▶
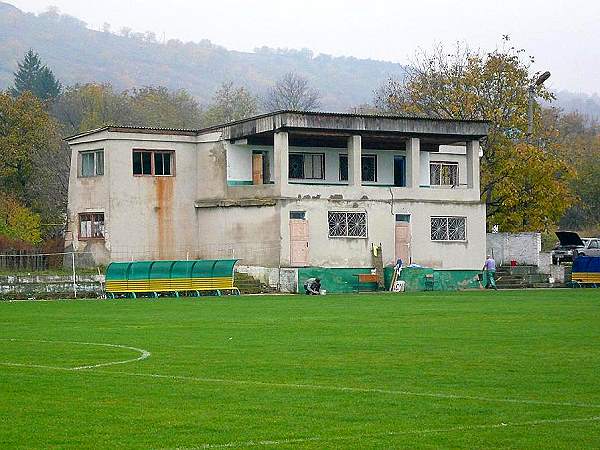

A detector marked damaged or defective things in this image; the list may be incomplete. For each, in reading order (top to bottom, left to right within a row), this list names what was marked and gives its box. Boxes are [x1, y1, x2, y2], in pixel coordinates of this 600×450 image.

rusty stain [155, 177, 173, 260]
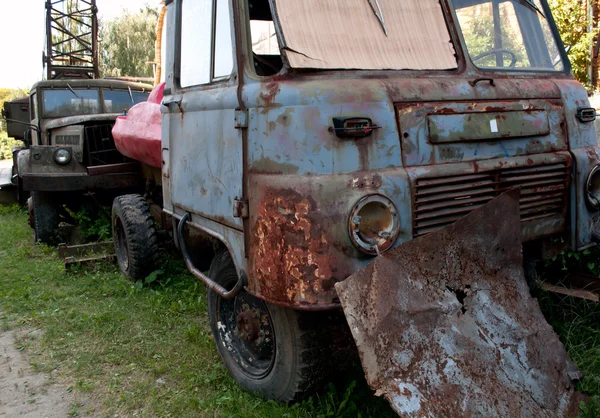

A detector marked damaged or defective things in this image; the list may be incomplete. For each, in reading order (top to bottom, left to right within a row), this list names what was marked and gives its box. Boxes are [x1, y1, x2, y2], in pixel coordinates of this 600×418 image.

rust patch [251, 189, 340, 304]
rusted metal sheet [336, 191, 584, 416]
rusty steel panel [336, 191, 584, 416]
rust patch [338, 190, 584, 418]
◀
About this exercise:
Would you output each entry exactly and leave the pictures behind?

Solution below:
A detector marked damaged or defective things in this image; the list may be incomplete. For each, in reading order (top to bottom, left to right within a row), this list names what was marked and gives its box. Boxes are [x1, y1, x2, y2], in pixel coordinates of this 600×450 image.

rusty stain [155, 177, 173, 260]

A detector marked damaged or defective things in this image; the list may be incomplete. For each, in reading order (top to bottom, left to right within a row), this list names what was marked and gives its box. Boxes are [x1, y1, x2, y2], in pixel coordinates of this 600×418 image.

rust patch [251, 189, 340, 304]
rusted metal sheet [336, 191, 584, 416]
rusty steel panel [336, 191, 584, 416]
rust patch [338, 190, 584, 418]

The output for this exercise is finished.